Versão 1.4 – 14/10/11.

 

Estive na Faculdade Cândido Mendes no seminário “Os desafios da Cultura Digital”, quando falei sobre “Macrocenários: impacto da Internet na sociedade e na política”. 

O post abaixo detalha a discussão.

(Está sendo reajustado e revisado ao longo do tempo, ajude a melhorá-lo!).

Ao tentar prever o futuro, temos que selecionar as forças que agem de forma radical no hoje e no amanhã, desdobrá-las para tentar ter um cenário mais provável.

Podemos avaliar, por exemplo, como vários pesquisadores e organizações já fazem, que a principal força-motriz do nosso tempo tem sido o aumento radical da população nos últimos 200 anos.

Nunca fomos tanto e crescemos tão rápido.

(Sugiro ver  mais dados sobre a crise demográfica aqui.)

Os desafios que temos para pensar o amanhã giram em torno dessa adaptação.

Nais gente significa novos desafios, inadiáveis e irreversíveis.

Ou seja, para cada pessoa que vem para o planeta,  incorporamos uma nova demanda irreversível.

Somos hoje 7 bilhões de habitantes, que demandam todos os dias 21 bilhões de refeições, (se partirmos da premissa de 3 refeições por pessoa). Some toda a logística da alimentação,  além de vestuário, transporte, educação, comunicação, tratamento do lixo, etc e temos um enorme problema emergencial crescente, concordas?

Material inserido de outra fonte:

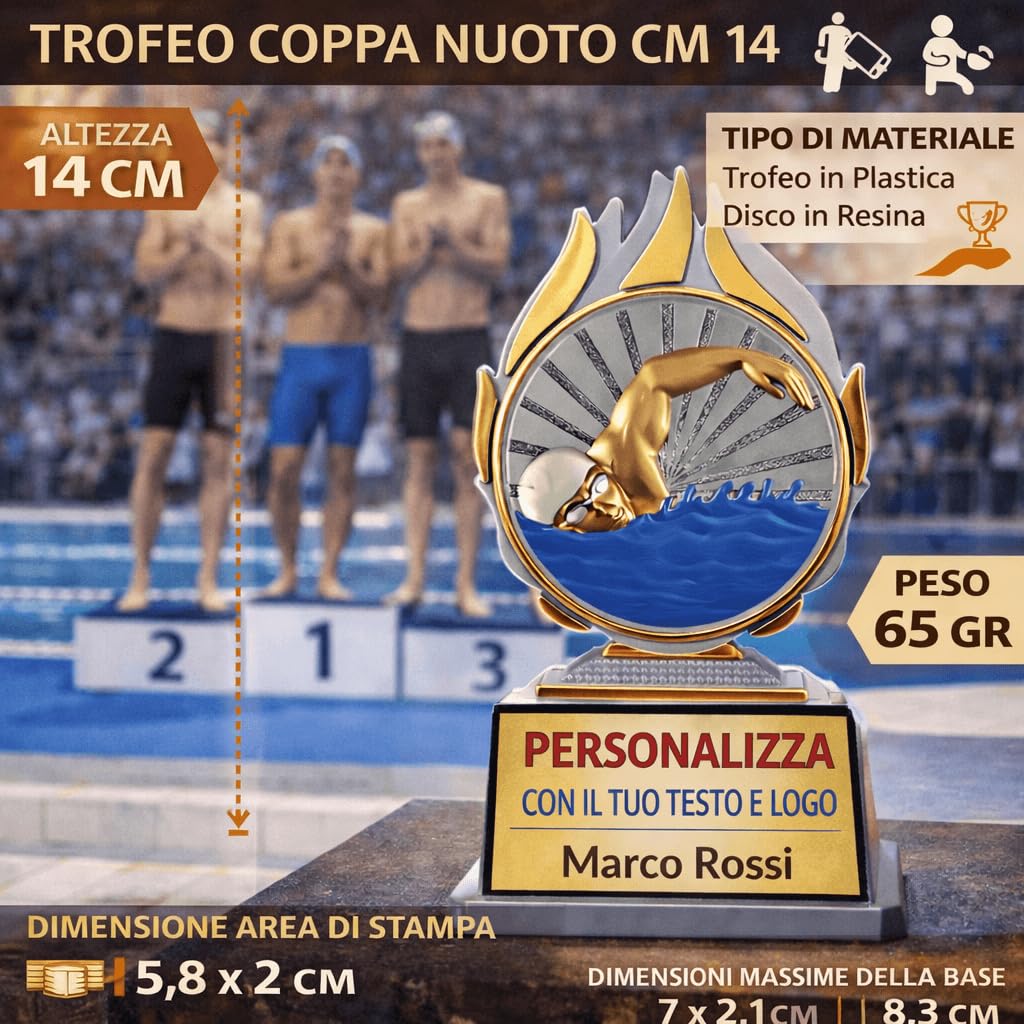 D&Vlab Trofeo Nuoto 14 cm Argento con Targhetta Personalizzabile – Coppa Nuotatore Economica per Gare, Piscine ed Eventi Sportivi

E isso é uma tarefa que toda a sociedade passa a assumir, tanto as pessoas em suas famílias, em particular, como o Estados e as organizações, que produzem produtos e serviços, no coletivo.

Esse novo fator é algo ainda pouco trabalhado na nossa capacidade de distinguir essa força e enxergar o presente e o futuro.

Quanto mais gente, mais precisamos produzir de forma mais inovadora para fugir das crises produtivas que esse aumento nos traz constantemente.

Esta é a nossa tarefa e este é o desafio que o crescimento acelerado nos coloca com o principal problema do século XXI.

Esse crescimento, entretanto, é irregular no planeta.

Países crescem muito mais (China, que proíbe mais que um  filho), outros decrescem (Portugal, que incentiva ter filhos, remunerando famílias).

Porém, o aumento global,  atinge a todos, pois vivemos em um mundo cada vez mais interconectado  e um país que se multiplica influencia aos demais, seja pela demanda (que cria) ou pela oferta que gera (através de produtos mais baratos).

Um bilhão de chineses, por exemplo,  estão fazendo um estrago danado na economia produtiva do mundo mais industrializado, pois introduzem no mercado produtos feitos por uma mão de obra barata e disposta a tudo para competir.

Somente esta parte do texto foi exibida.